A composite of five paintings of fish found in Flinders Marine Park
Some of the indicator fishes selected for Flinders Marine Park were recorded 150 years ago in paintings by New Zealand ichthyologist and illustrator Frank Edward Clarke. The paintings were purchased in 1921 by the Museum of New Zealand Te Papa. Top left: Platycephalus sp (Tas): Flathead 1868; top right: Helicolenus pericoides (NZ): Perch 1867; middle: Mustelus antarcticus (NZ) Smooth-hound Shark (gummy shark) 1875; above left: Laris lineata (NZ): Tumpeter, 1867. Above right: Nemadactylus macropterus, Jackass Morwong (terakihi) painted by George Forster during Captain James Cook's second voyage to explore the southern continent (1772-75). Credit: NHM Images

Why is monitoring important for Australian Marine Parks?

Australia’s 58 marine parks were established to protect regionally-representative habitats and biodiversity.
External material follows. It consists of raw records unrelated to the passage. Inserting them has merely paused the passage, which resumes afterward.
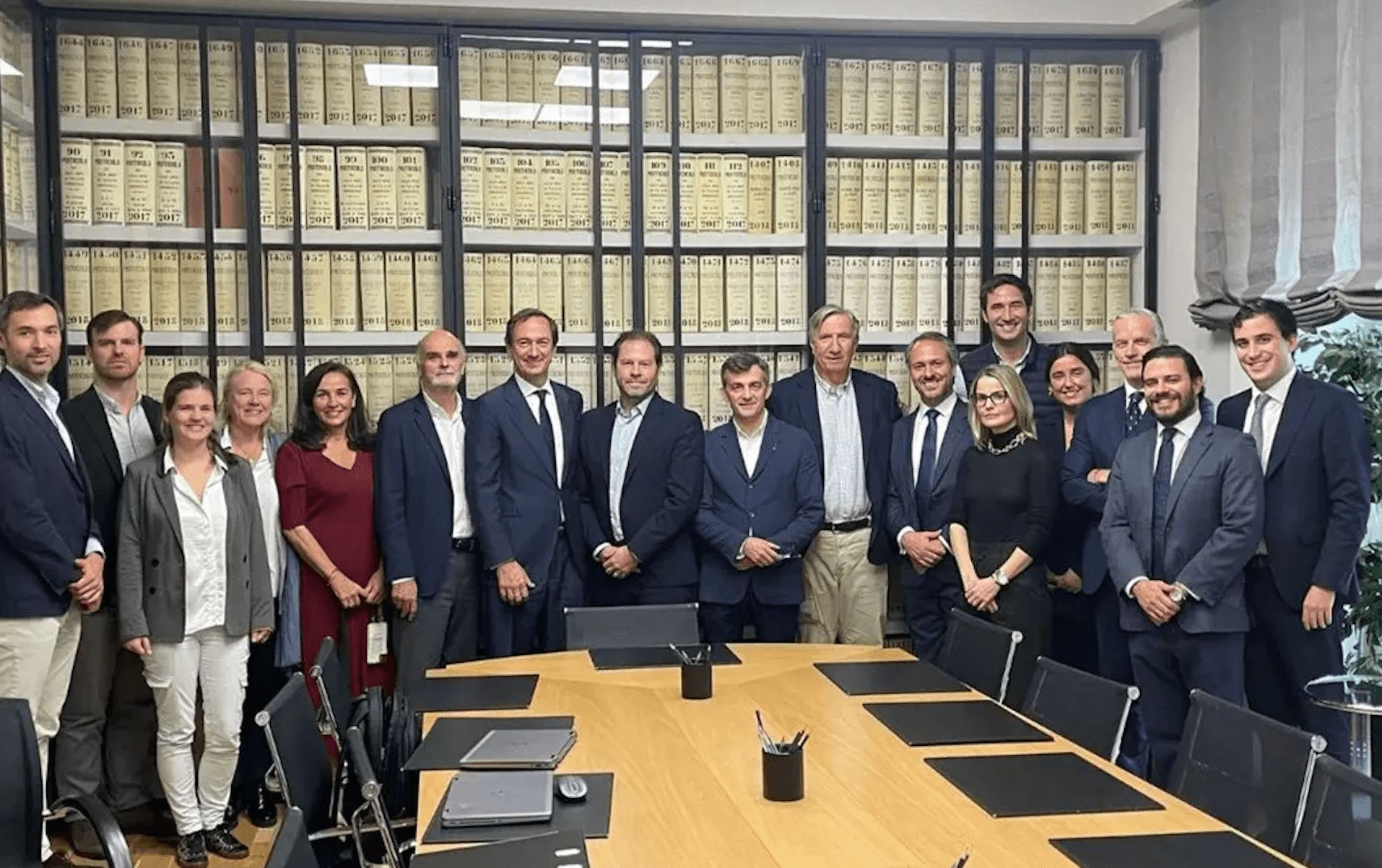 Los arquitectos del Nou Mestalla venden su empresa a Egis, líder mundial en el sector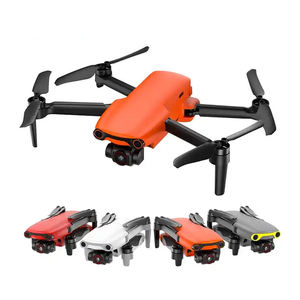 Brushless Motor Power Drones 28 <strong>Minutes</strong> Module Battery Endurance 4K 6K Dual Camera Upgrade Drones OEM Factory Customized Drones - Product Image 1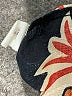 Zara Paisley Burgundy Kimono Size XS - photo 8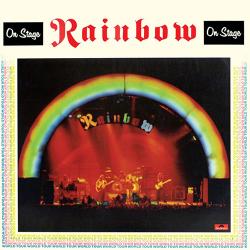 ON STAGE MARBLED VINYL REISSUE (2LP US-IMPORT)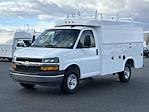 2025 Chevrolet Express 3500 Regular Cab RWD Knapheide Service Utility Van for sale #M103548 - photo 4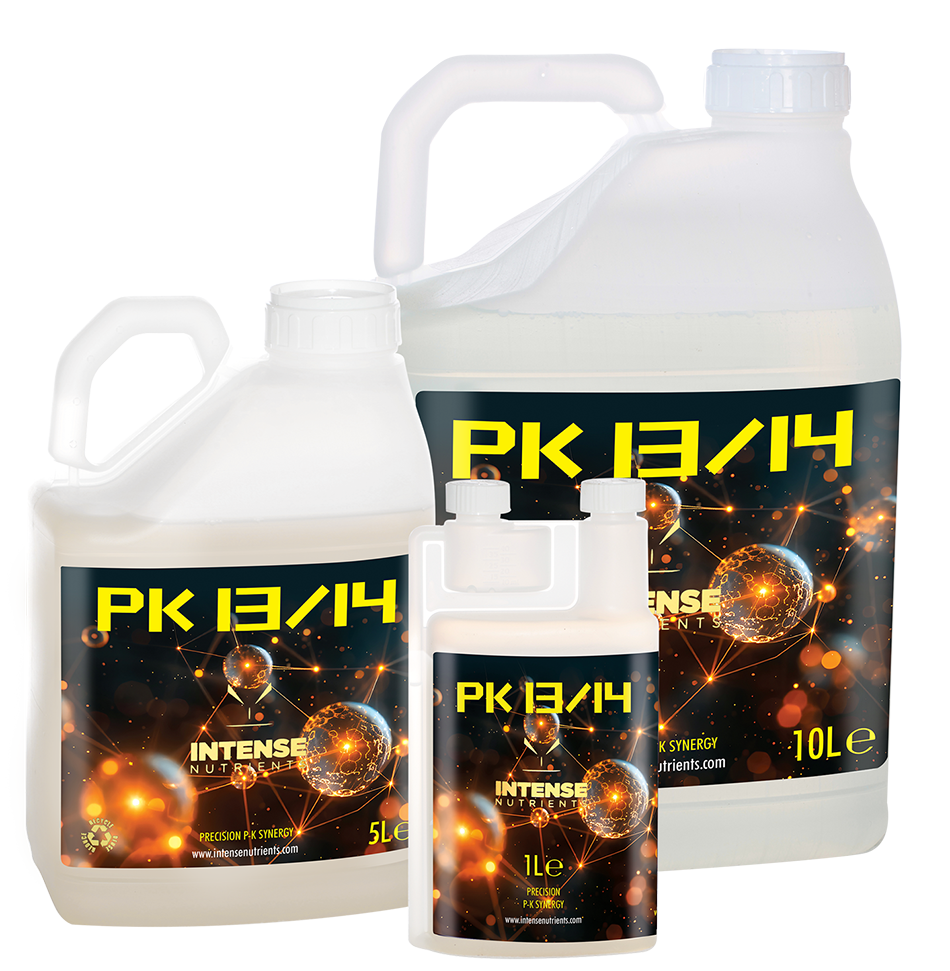 Intense Nutrients PK 13/14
They will be governed by six management plans: one for each of the five marine park networks (North, North-west, South-west, South-east and Temperate East) and one for the Coral Sea.

‘Monitoring is key to determining whether these management plans are meeting their objectives,’ lead author of the study Nicole Hill of the Institute for Marine and Antarctic Studies says. ‘But marine parks are typically large and remote, with little known about their ecosystems. How do we decide what to monitor, and how to monitor in ways that are non-destructive and efficient?’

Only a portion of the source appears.